LA REPRESSIONE DEI MOVIMENTI POPOLARI

Gaio Valerio Diocleziano o Diocles (284-305) fu il più grande dei cosiddetti “imperatori illirici” e uno dei più grandi di tutto l’impero romano.

Nato intorno al 240 da famiglia dalmata di modeste condizioni (suo padre era un liberto), aveva fatto carriera nell’esercito, come molti dei suoi predecessori, finché l’imperatore Numeriano non decise di nominarlo comandante dei cadetti destinati alla protezione personale dell’imperatore.

Quando lo stesso Numeriano fu ucciso a tradimento e, prima di lui, l’imperatore Caro (che gli era stato anche padre), i soldati scelsero, nel 284, a Nicomedia (nell’attuale Turchia), proprio Diocleziano come il più idoneo a vendicarne la morte, cosa ch’egli fece in un duello eliminando il prefetto del pretorio Flavio Apro, su cui cadevano i maggiori sospetti.

Acclamato egli stesso imperatore, Diocleziano si trasferì nella parte occidentale dell’impero, per andare a sconfiggere, nel 285, il fratello maggiore di Numeriano, Carino, che non aveva accettato la sua nomina e si era autoproclamato imperatore in occidente.

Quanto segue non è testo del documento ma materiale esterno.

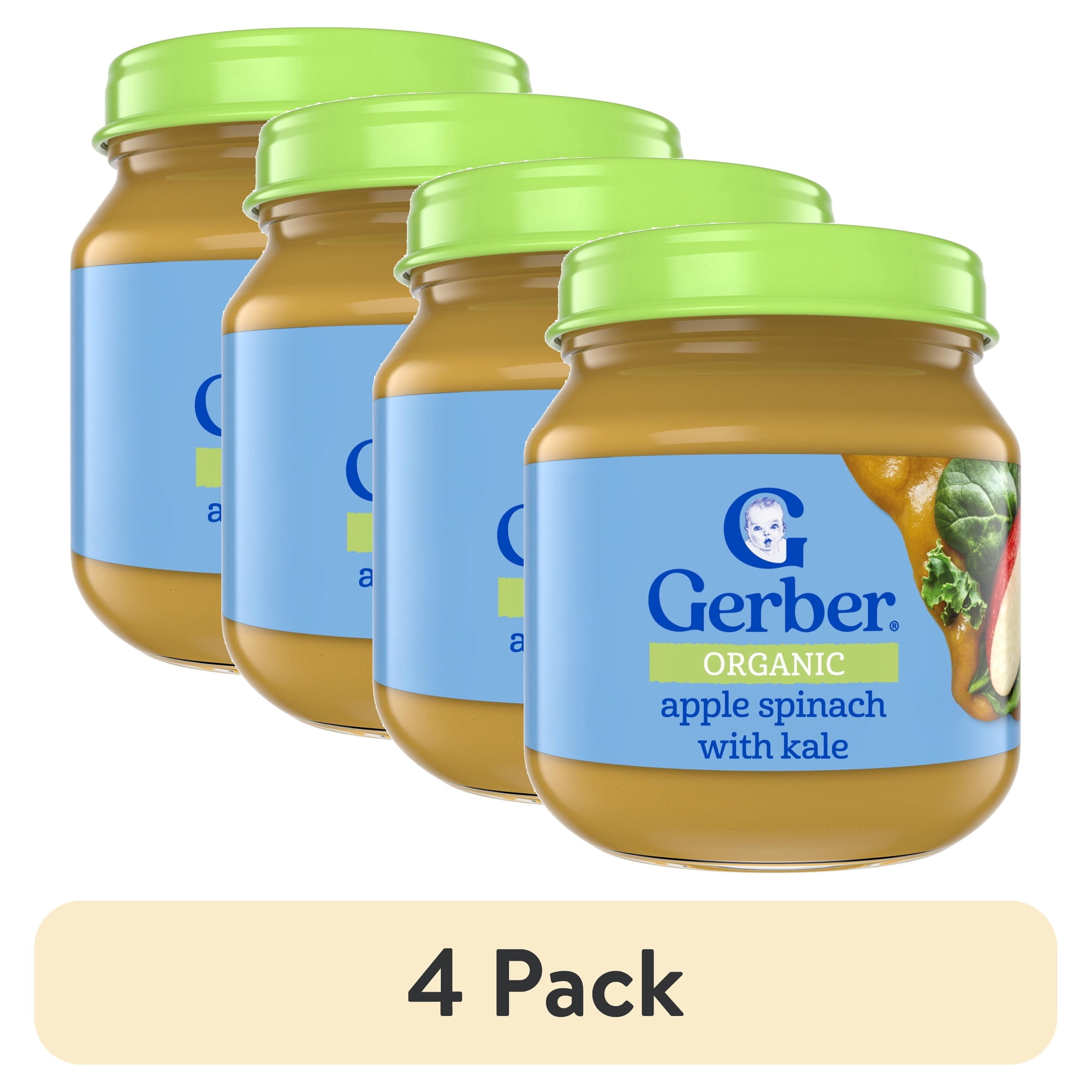 (4 pack) Gerber Organic Stage 2 Baby Food Puree, Apple Spinach Kale, 4 oz Jar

Tutte le guerre civili accadute in Italia non avevano fatto altro che indebolire la funzione del Senato e aumentare quella delle Legioni, che da tempo decidevano chi doveva reggere le sorti dell’impero. Diocleziano aveva ereditato una situazione in cui l’aspetto politico era completamente sottoposto a quello militare e l’aspetto socioeconomico delle città era stato particolarmente sconvolto, al punto che si stava tornando a un’economia naturale, basata sull’autoconsumo, dove il ruolo dominante veniva svolto dai grandi proprietari terrieri provenienti dal mondo militare. Gli stessi imperatori della fine del III sec. erano grandi latifondisti.

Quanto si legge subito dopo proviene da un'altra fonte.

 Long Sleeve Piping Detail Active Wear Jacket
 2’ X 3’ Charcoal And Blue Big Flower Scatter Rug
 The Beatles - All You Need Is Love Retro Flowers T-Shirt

Diventato dunque imperatore senza rivali, Diocleziano, dopo aver conferito al proprio camerata Massimiano, di origine contadina, il titolo di Cesare (l’anno dopo anche quello di Augusto), represse brutalmente, col suo aiuto, la consistente rivolta dei Bagaudi in Gallia, che non avevano intenzione né di combattere le tribù che volevano penetrare nell’impero né di pagare a Roma le tasse, nonché le insurrezioni africane nelle montagne dell’Atlante, attirandosi le simpatie dell’aristocrazia provinciale, sempre bisognosa di sentirsi difesa da un potere forte.

Rendendosi conto che l’impero stava pericolosamente vacillando, preferì assegnare a Massimiano il governo dell’area occidentale, mentre lui si sarebbe riservato quella orientale, più esposta alla penetrazione dei cosiddetti “barbari”: infatti nel 286 lo si vede combattere in Mesia e in Pannonia, nel 289 (e poi di nuovo nel 292) contro i Sarmati e nel 290 contro i Saraceni, una tribù araba che aveva invaso la Siria.

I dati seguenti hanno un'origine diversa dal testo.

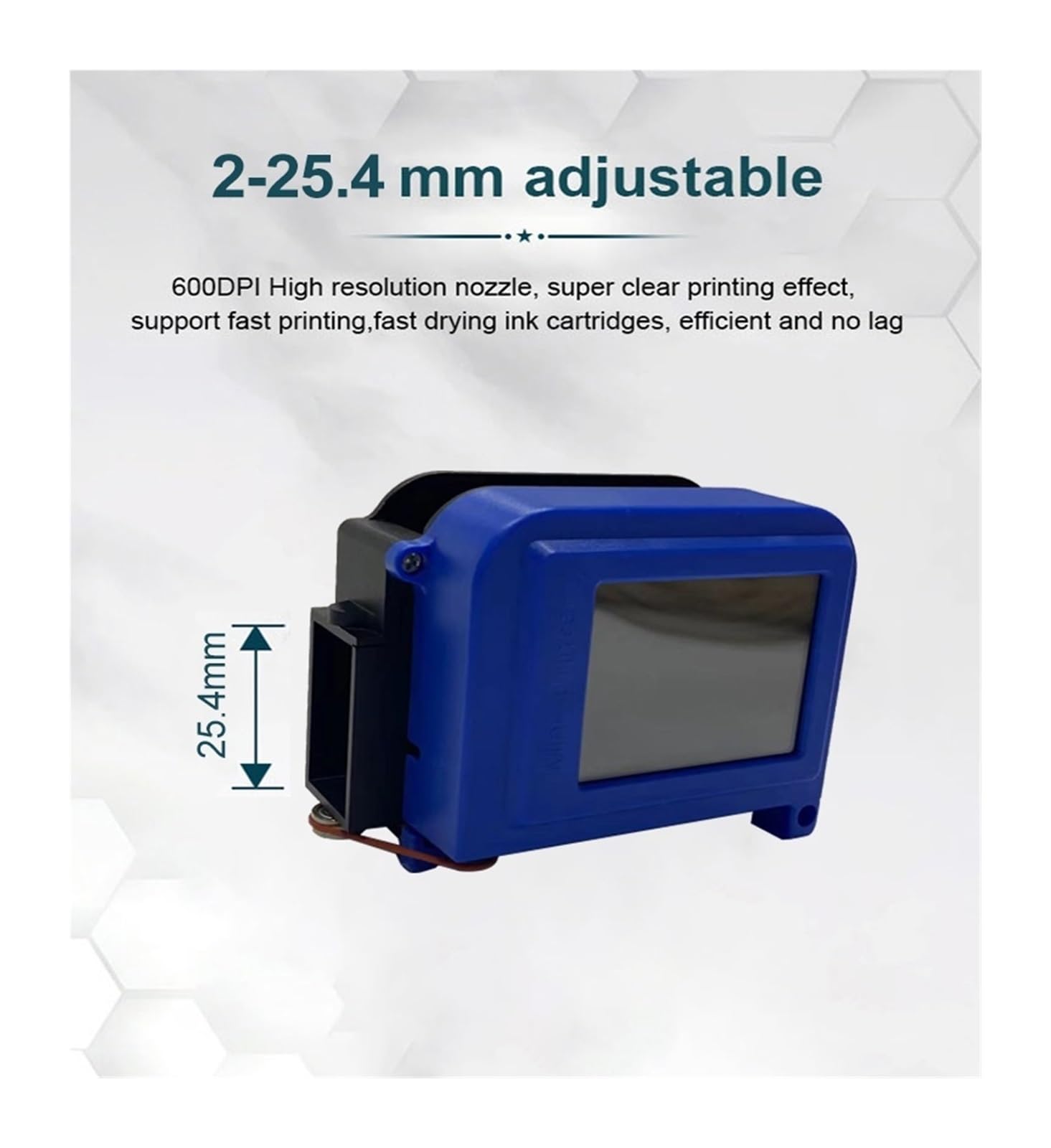 Imprimante Portable, Imprimante à Jet d'encre Mini 25,4 mm sans Verrouillage, Bande QR Portable, numérotation de Code par lot, imprimante d'étiquettes Logo(with 1 Cartridge)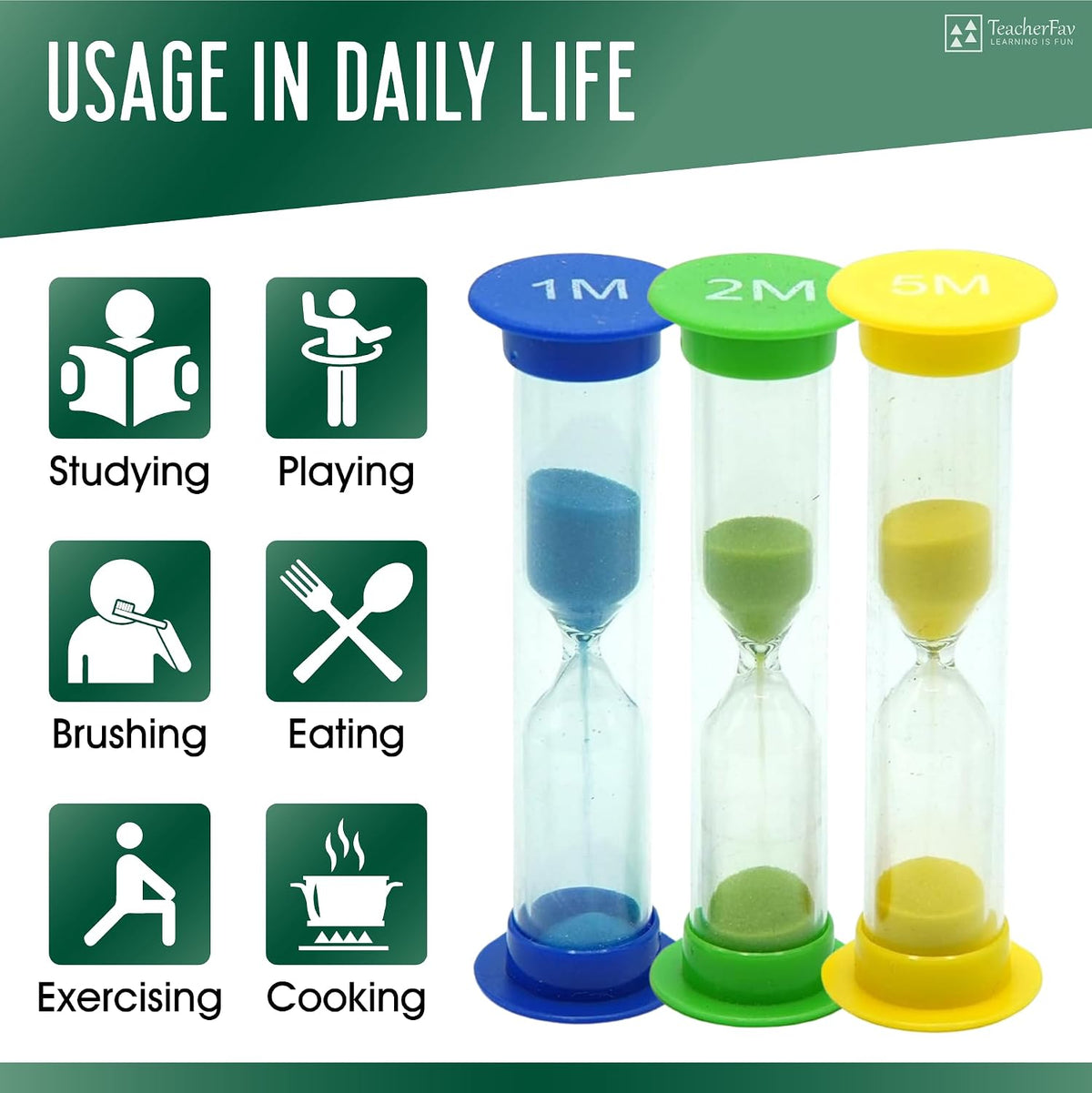 Sand Timer for Kids Set of 3 Small Colorful Hourglass Acrylic Covered Clock 1Min 2Min 5Min for Classroom, Home & Kids Room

Diocleziano represse anche la rivolta di Domizio Domiziano e di Achilleo in Egitto (296). Nel 303 visitò per la prima volta Roma, per celebrare il ventesimo anniversario di governo, e nel 305 abdicò al trono (una iniziativa senza precedenti), obbligando il recalcitrante Massimiano a fare altrettanto; e si ritirò a Salonae in Dalmazia.

Ritornò sulla scena politica nel 308 per aiutare Galerio a riportare l’ordine fra i vari contendenti imperiali alla conferenza di Carnuntum (sia Massimiano che un cesare, Costanzo Cloro, erano rimasti scontenti delle nuove nomine, poiché i loro figli, Massenzio e Costantino, ne erano rimasti esclusi), ma intendendo ch’essi erano refrattari alle regole della tetrarchia e che pensavano più ai loro interessi che non a quelli dell’impero, se ne tornò amareggiato nella propria residenza, ove morì nel 316.

LE RIFORME POLITICHE

Diocleziano non riconosceva al Senato alcuna funzione politica, in quanto tutto il vero potere lo aveva assegnato a un consiglio di alti funzionari statali, presieduto da lui stesso.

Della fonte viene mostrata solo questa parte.